But let's not make it that easy for ourselves. If we're arguing - and we are - that Americans are subsisting on a low-nutrition diet of junk culture that makes French fries and candy bars look like a Spartan health program, we ought not to carry the day by taking cheap shots at just television and rock music.
Still, television and rock music do constitute the most popular cultural fare of the largest number of Americans. Then the menu tends to run from there to a la carte headlines about Liz and the Princess of Wales and Johnny Carson's alimony - to take a quick January survey - not forgetting your daily special from the astrology charts.to here If we were to send a reverse time capsule to Charles Dickens, Honore de Balzac, and Feodor Dostoevsky in order that those novelists, so in touch with the 19th century, might taste firsthand the late-20 th century, something like this unheavenly hash might, alas, represent us all too accurately.
All right, you say, but let's get to print and not simply the print of gossip sheets and Captain America comics. Let's check our standards against an honored traditional form that still persists: the book.
We take you now to a symposium of paperback publishers. Edwin McDowell of the New York Times raises the question: ''What does it say about the American public that so-called tasteless and gross joke books - books that contain explicit sexual references and racial and ethnic slurs - have become such huge best sellers?''
The paperback publishers respond with answers predicated on ''20 years of declining readership'' - a ''mass market'' today of maybe 5 million Americans, or about 2 percent. Voices of resigned realism describe their predicament: ''We competed in the late '70s and early '80s with video games, our readers have gone to home computers, we were blasted by television.''
One voice blunter than the rest sums up: ''I can't -ignore the fact that everything has moved down in quality. If I ignore that, then I begin to ignore what my job is. If shoddy workmanship, shoddy clothing, if the impersonalization of life is what it is, then I've got to get in tune with that.''
What an honest, what a ghastly, acceptance of things as they are supposed to be!

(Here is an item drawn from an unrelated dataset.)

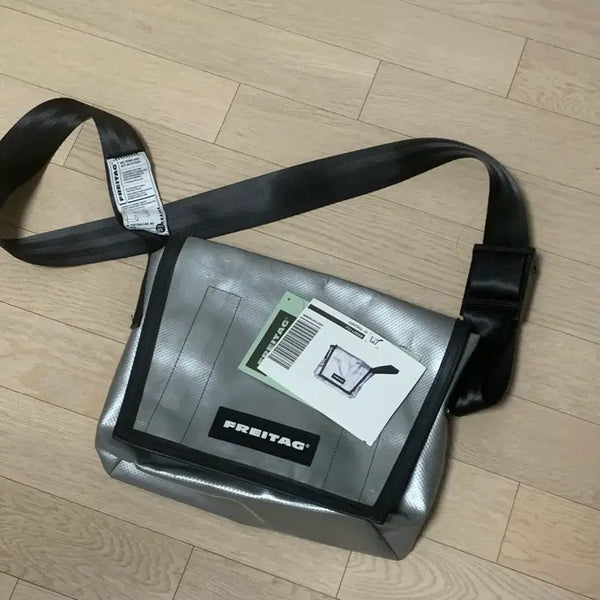 [BUNJANG] Freitag Ramsay All Silver Messenger Bag / 프라이탁 라씨 올실버 (민트택 있음)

Of course this is not the whole story. Scholarly books and poetry and serious novels still get published, just as the complete piano works of Beethoven get played on FM radio. But meanwhile, every time we snap on our TV set or our car radio or pass a newsstand and - yes - open a book, we stand a pretty good chance of being force-fed junk.
''Our job is to survive,'' the paperback publishers said. But our job is to survive too - we, the consumers.
Too often something in us starves as we survive, concentrating on counting calories and performing calisthenics to a disco beat - atoning for our pre-New Year binges by our post-New Year crash courses in reform.
In the ways that count, we are not exercised, we are not fed.
Some day, with all the manic force he likes to muster, Richard Simmons should warn us that history won't much care how flat our stomachs are if that becomes our only ideal of fitness.